Evolution and systematics
Hexactinellids (glass sponges) are deepwater marine sponges that have skeletons of siliceous (glass) spicules with a distinctive triaxonic (cubic three-rayed) symmetry. Unlike the other two main classes of sponges (Calcarea and Demospongiae), glass sponges lack either a calcareous or organic skeleton. Furthermore, glass sponges are highly unusual in that their major tissue component is a giant "syncytium" (see below) that ramifies throughout the entire body, stretching like a cobweb over the glass skeleton. As their skeletons are both made of glass rather than calcium, early classification schemes grouped hexactinellids with the demosponges; however, at present hexactinellids are separated from cellular sponges (the Calcarea and Demospongiae) in the subphylum Symplasma because of their unique (syncytial) structure. Nevertheless, recent molecular evidence suggests that whereas modern hexactinel-lids are descended from the most ancient multicellular animals, they are more closely related to demosponges than either group is to the calcareous sponges or other metazoans. There are approximately 500 species of hexactinellids in two subclasses containing five orders, 17 families, and 118 genera.
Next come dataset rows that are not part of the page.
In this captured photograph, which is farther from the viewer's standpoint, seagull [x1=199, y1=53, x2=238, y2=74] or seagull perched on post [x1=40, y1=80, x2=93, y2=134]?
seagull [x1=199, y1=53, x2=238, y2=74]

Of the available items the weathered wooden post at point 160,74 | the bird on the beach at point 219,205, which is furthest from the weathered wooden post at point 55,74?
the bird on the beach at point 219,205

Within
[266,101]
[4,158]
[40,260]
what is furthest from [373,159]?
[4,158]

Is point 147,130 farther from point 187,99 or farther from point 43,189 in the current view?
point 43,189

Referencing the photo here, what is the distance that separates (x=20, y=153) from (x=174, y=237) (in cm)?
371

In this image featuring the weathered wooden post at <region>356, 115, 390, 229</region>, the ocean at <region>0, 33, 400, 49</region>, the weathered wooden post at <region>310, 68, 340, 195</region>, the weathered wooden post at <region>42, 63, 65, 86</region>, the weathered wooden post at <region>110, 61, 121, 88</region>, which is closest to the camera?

Hexactinellids have left the oldest fossil record of multi-cellular animals on Earth. Their triaxonic spicules are known from the Late Proterozoic of Mongolia and China. The group thrived during the Middle Cambrian and reached its maximum radiation and diversity during the Cretaceous, when hexactinellids formed vast reefs in the Tethys Sea. Their fossilized skeletons now make up the stony outcrops upon which many castles are built from southern Spain through France, Germany, and Poland to Romania.
Within each of the two subclasses of hexactinellids are sponges with loose skeletons—spicules held together by liv ing tissue—and sponges with fused skeletons. Sponges of both designs are essentially vase-shaped, with a large central or atrial cavity, usually with one opening, the osculum. The species with fused skeletons often have mittenlike or fingerlike protrusions of the body wall, and some form platelike structures; these species have oscula on each of the projections. The tissue of hexactinellids generally is creamy yellow to white. Some animals are quite clean, so that the whiteness of their tissue looms out of the darkness of their deepwater habitats. Others tend to accumulate particulate matter on the outside and can look quite dirty. The diverse species of hexa-ctinellids vary in length from 0.2 to 5 ft (0.5 cm to 1.5 m); many of the largest hexactinellids are as wide as they are tall.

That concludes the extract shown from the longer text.